# Lian Li pc-v1100 B plus II - Exhaust fan question



## doktrin (Oct 15, 2007)

I recently build my first rig, a Lian Li ("silent") v1100 plus II. 

Every review I read refers to the rear fan as an exhaust fan... but in my case (no pun intended), that thing is most definitely an intake. (as in, taking in air and blowing it over the MB/CPU). 

(linked review : http://www.geek.com/lian-li-pc-v1100-plus-ii/ )

I don't think I installed it incorrectly - as far as I can tell the design of this particular fan only allows it to fit into the case in one way. 

Any ideas? Is there a way to switch fan directions? Is having the rear fan as an intake a -bad- thing? (for CPU/mobo/etc)

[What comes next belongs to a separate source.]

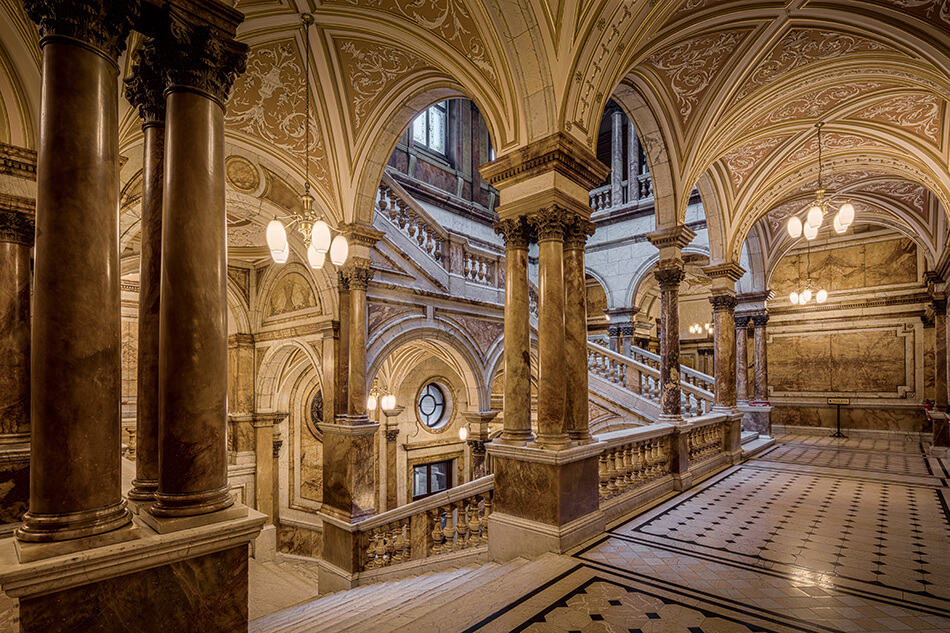 L'interno del Glasgow City Chambers con scale in marmo e colonne intarsiate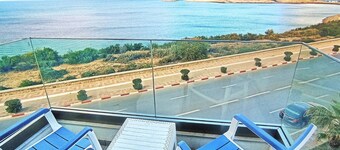 "the Sea View La Vue Mer"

my temps seem to be somewhat decent. My CPU temperature never goes above 39 C under load (15 lower idle)... my mobo temps, however, are between 40-50 depending. 

Any feedback would be greatly appreciated!


----------



## forcifer (Nov 20, 2005)

hmm why do you not think you can put it in the other way?


----------



## doktrin (Oct 15, 2007)

the fan on this case comes ready with a mount for what they call a "cpu guard" (basically a piece of metal that extends over the cpu fan)

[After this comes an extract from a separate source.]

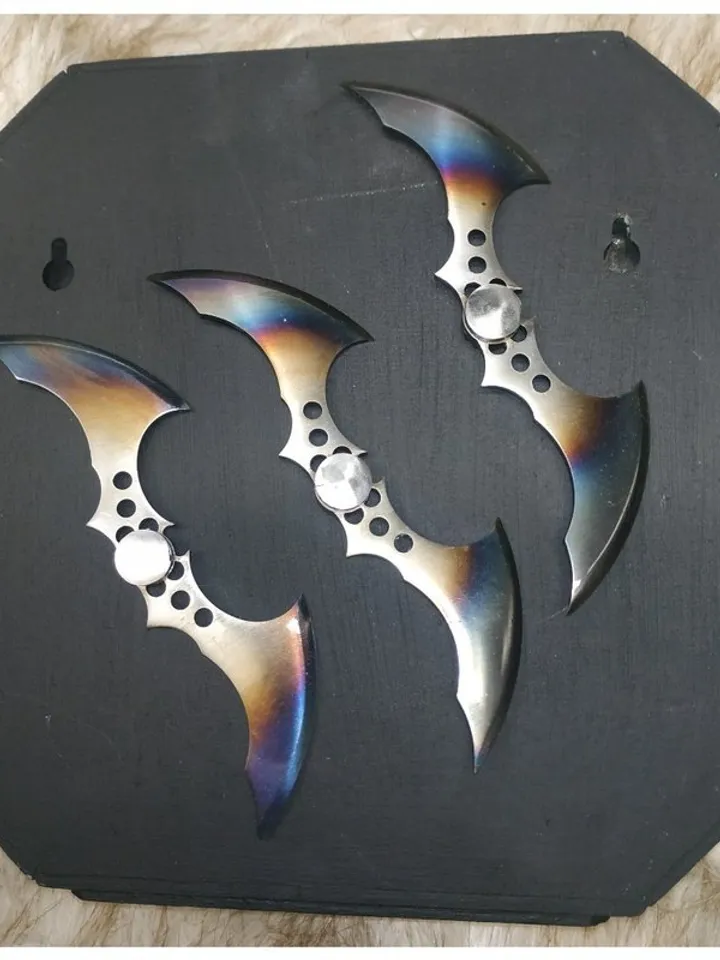 Batman cosplay - Batarang - a set of batarangs - made of steel - One unit is a 3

flipping the fan would put the mounting hookup (pardon my awful terminology) on the outside of the case


----------



## doktrin (Oct 15, 2007)

whoops
just got home and realized I could actually unscrew the "guard" from the fan. Turns out it came incorrectly mounted from the vendor / factory.

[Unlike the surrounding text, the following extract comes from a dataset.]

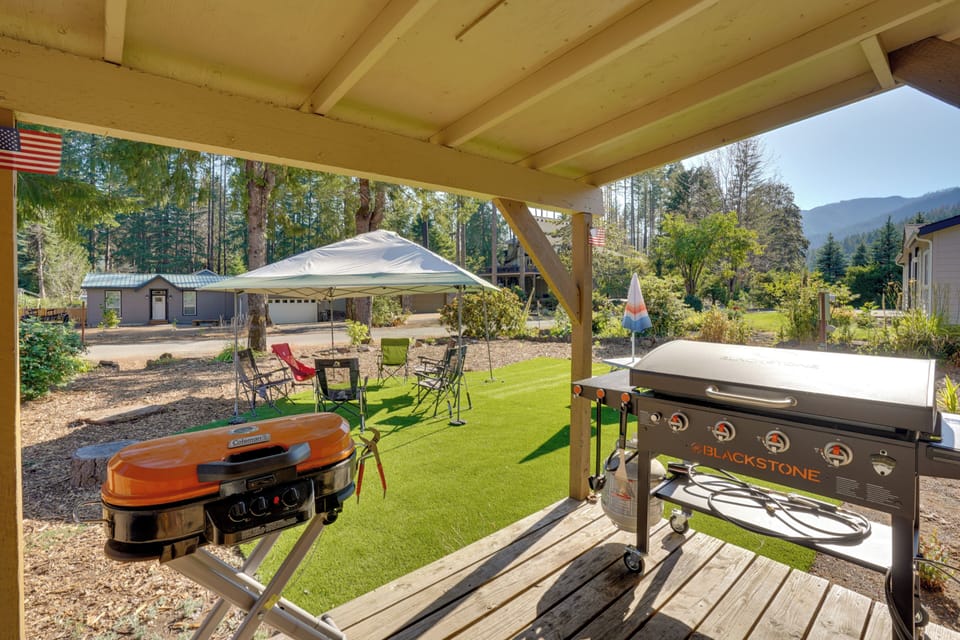 Detroit Vacation Rental | 3BR | 2BA | Access Only By Stairs | 1,400 Sq Ft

So far, according to speedfan it's not making the huge differences in my temps, but at least I know I"m not blowing massive amounts of dust all over my gear.


----------



## Waldeck (Apr 13, 2008)

doktrin

I have the 2100 plus 2. Its the same set up just more Hard Drives.
The top side fan is the exhast the back fan in the center is an intake fan the adjustable ally plate directs the air over the Mother board, in my case the memory banks (my board is reversed or upside down). Just need a good filter and a deflector at the back to stop hot air coming in from the PSU outlet.


----------